▸ **RECORDS SHOWN**
***

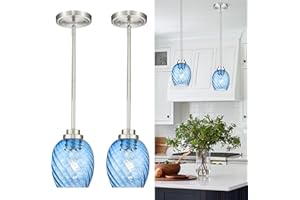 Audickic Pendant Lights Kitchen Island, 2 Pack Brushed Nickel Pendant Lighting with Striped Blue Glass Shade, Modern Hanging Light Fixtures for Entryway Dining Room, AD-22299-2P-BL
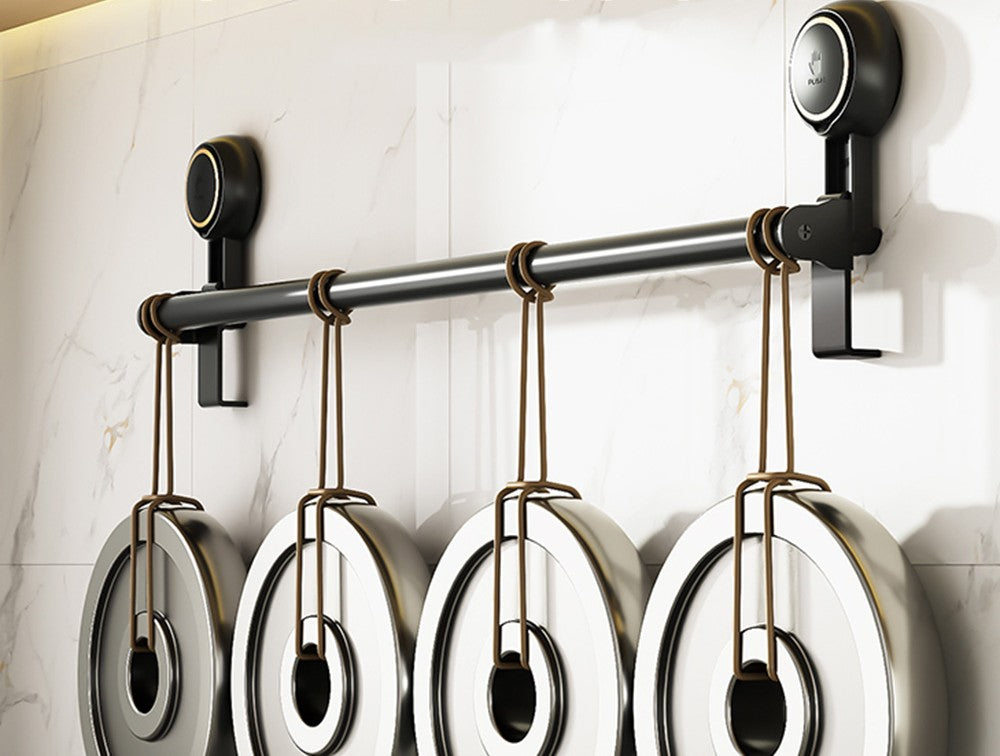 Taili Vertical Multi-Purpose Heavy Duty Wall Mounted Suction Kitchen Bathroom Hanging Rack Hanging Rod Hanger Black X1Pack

***

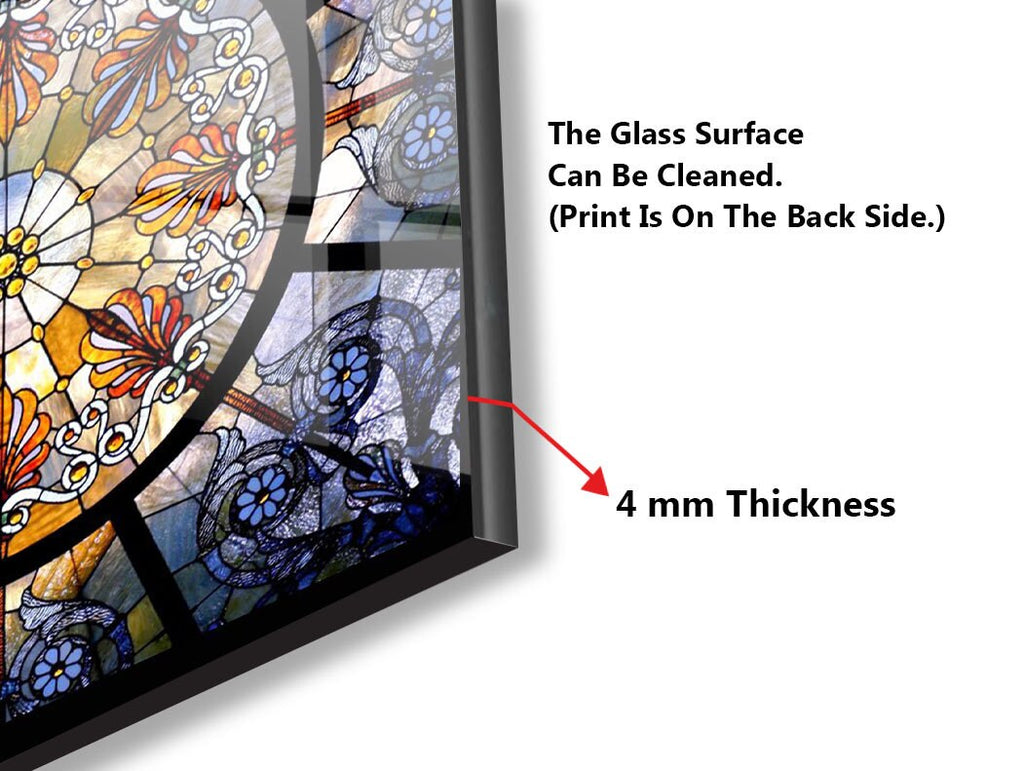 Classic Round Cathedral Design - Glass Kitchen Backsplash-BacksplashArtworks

***

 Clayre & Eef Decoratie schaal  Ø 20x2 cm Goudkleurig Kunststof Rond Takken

***

▸ **PROBLEM TO WORK ON**
Above are records; repeat only the lines from the line with "Audickic Pendant Lights" through the line with "Taili Vertical Multi-Purpose", and leave pictures out.

▸ **REPLY TO THE EXERCISE**
 Audickic Pendant Lights Kitchen Island, 2 Pack Brushed Nickel Pendant Lighting with Striped Blue Glass Shade, Modern Hanging Light Fixtures for Entryway Dining Room, AD-22299-2P-BL
 Taili Vertical Multi-Purpose Heavy Duty Wall Mounted Suction Kitchen Bathroom Hanging Rack Hanging Rod Hanger Black X1Pack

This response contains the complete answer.